Corrections to scaling in entanglement entropy from boundary perturbations

TL;DR

This paper analyzes how irrelevant boundary operators affect the scaling corrections of entanglement entropy in one-dimensional conformal field theories, revealing specific correction forms depending on operator scaling dimensions.

Contribution

It provides a detailed characterization of boundary-induced correction terms to entanglement entropy, showing they differ from bulk operator corrections and depend on boundary operator dimensions.

Findings

Boundary corrections are of the form l^(2-2x_b) for x_b<3/2

Corrections are l^(-1) for x_b>3/2

Logarithmic corrections occur at x_b=3/2

Abstract

We investigate the corrections to scaling of the Renyi entropies of a region of size l at the end of a semi-infinite one-dimensional system described by a conformal field theory when the corrections come from irrelevant boundary operators. The corrections from irrelevant bulk operators with scaling dimension x have been studied by Cardy and Calabrese (2010), and they found not only the expected corrections of the form l^(4-2x) but also unusual corrections that could not have been anticipated by finite-size scaling arguments alone.

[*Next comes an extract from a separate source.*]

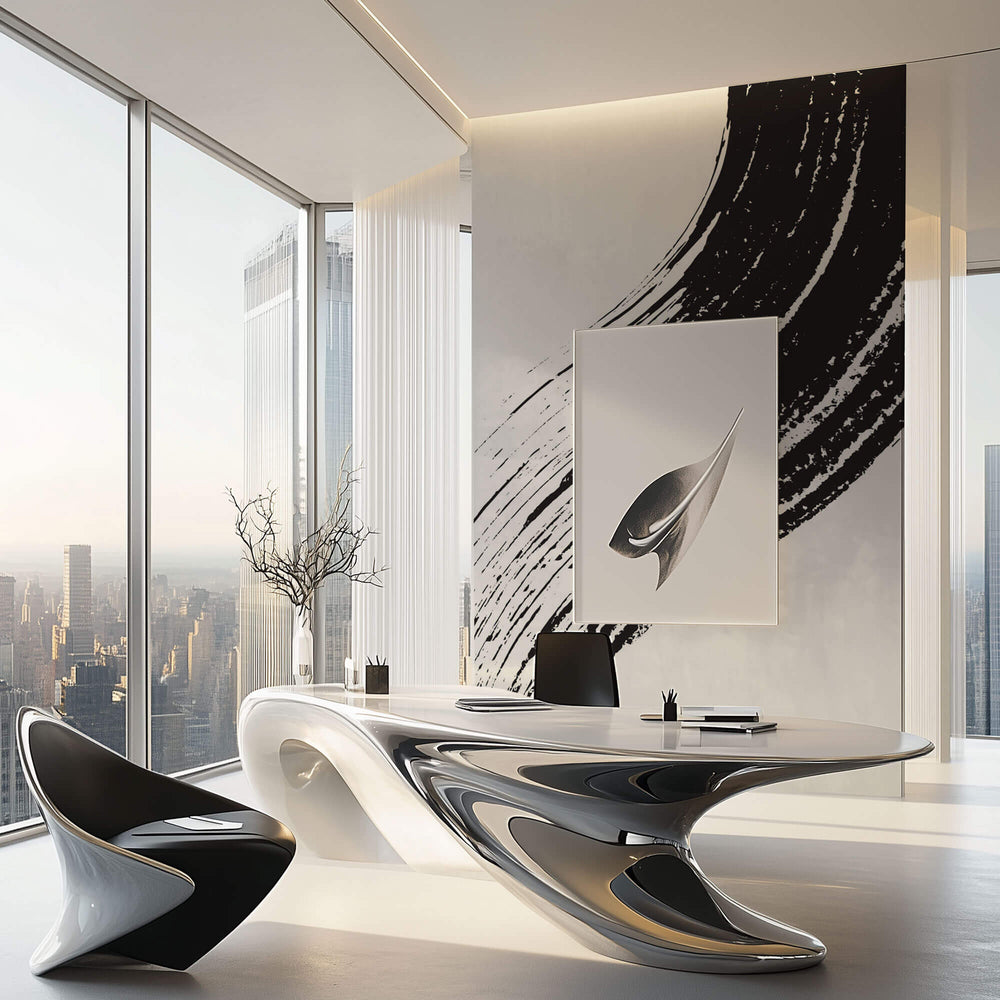 Tapet Personalizat Abstract cu urma de pensula si vopsea neagra in stil japonez - JAPANESE BRUSH STROKE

However, for the case of perturbations from irrelevant boundary operators we find that the only corrections that can occur to leading order are of the form l^(2-2x_b) for boundary operators with scaling dimension x_b < 3/2, and l^(-1) when x_b > 3/2. When x_b=3/2 they are of the form l^(-1)log(l). A marginally irrelevant boundary perturbation will give leading corrections going as log(l)^(-3). No unusual corrections occur when perturbing with a boundary operator.